··· Extracted data ···
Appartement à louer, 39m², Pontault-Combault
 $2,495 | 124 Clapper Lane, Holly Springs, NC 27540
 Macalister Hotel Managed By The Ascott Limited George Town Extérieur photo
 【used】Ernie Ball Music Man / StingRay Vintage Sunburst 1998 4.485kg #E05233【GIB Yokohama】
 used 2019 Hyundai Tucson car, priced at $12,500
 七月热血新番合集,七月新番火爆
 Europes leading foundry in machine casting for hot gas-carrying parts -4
···
Task statement: Output exactly the lines above, from the one holding "4.485kg #E05233【GIB Yokohama】" through the end of the data, including the first and last.

Solution:
 【used】Ernie Ball Music Man / StingRay Vintage Sunburst 1998 4.485kg #E05233【GIB Yokohama】
 used 2019 Hyundai Tucson car, priced at $12,500
 七月热血新番合集,七月新番火爆
 Europes leading foundry in machine casting for hot gas-carrying parts -4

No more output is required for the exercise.